Bangor University, University of Bath, University of Birmingham, University of Bristol, University of Cambridge, Cranfield University, Durham University, University of Glasgow, Imperial College London, Lancaster University, University of Leicester, University of Liverpool, Loughborough University, LSHTM, Newcastle University, Plymouth University, University of Portsmouth, Queen Mary University of London, Royal Holloway University of London, University of Salford, University of Sheffield, University of Sussex, Swansea University, UCL, University of Warwick.
(4) Reuse potential
This data could be reused by combining it with APC expenditure data from other sources. The author is not aware of any comparable data being available from outside the EU. While some data is available from German institutions , the UK currently has the largest quantity available with over 40 UK higher education institutions, along with the Wellcome Trust, having now published at least some level of detail about their APC expenditure during 2013 and/or 2014 . If this dataset is combined with others there may well be duplicate entries so this would need to be taken into consideration. Over time, it can be used as a benchmark against which to evaluate APC expenditure in future years as that data becomes available.
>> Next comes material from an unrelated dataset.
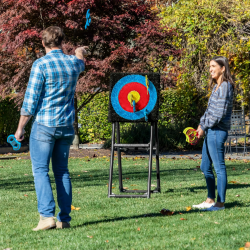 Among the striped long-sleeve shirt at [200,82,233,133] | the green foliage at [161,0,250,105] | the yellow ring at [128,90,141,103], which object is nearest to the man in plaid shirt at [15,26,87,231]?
the striped long-sleeve shirt at [200,82,233,133]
Information about the level of expenditure on journal subscriptions with some publishers is also available for the UK, so this can be combined to see the total subscription and APC expenditure levels that some institutions have with some publishers . The level of APC expenditure compared to subscription expenditure is growing – up to 30% in some cases  – so this is an important area of continuing research if research funders and institutions are to monitor where their funds are going. Jisc Collections will repeat the data collection exercise each year for at least the next three years.
It is likely that extensive validation work on the dataset, such as checking that the information contained is correct, would lead to a number of alterations and corrections. For many of the fields it would only be possible for the institution or research funder to validate, but the bibliographic information could be made more accurate by using data from other sources. Due to time restraints, data was only normalized to be internally consistent and was not verified by checking primary sources. Therefore cross-checking it with sources such as CrossRef would lead to greater accuracy of the bibliographic fields.
Further analysis could reveal information about the extent of payments made to particular publishers and the average APC price paid to different publishers. It would also be possible to highlight relationships between individual research funders and publishers, by seeing which publishers receive money from any given funder.
SL was in paid employment by Jisc Collections as part of the data acquisition for this study.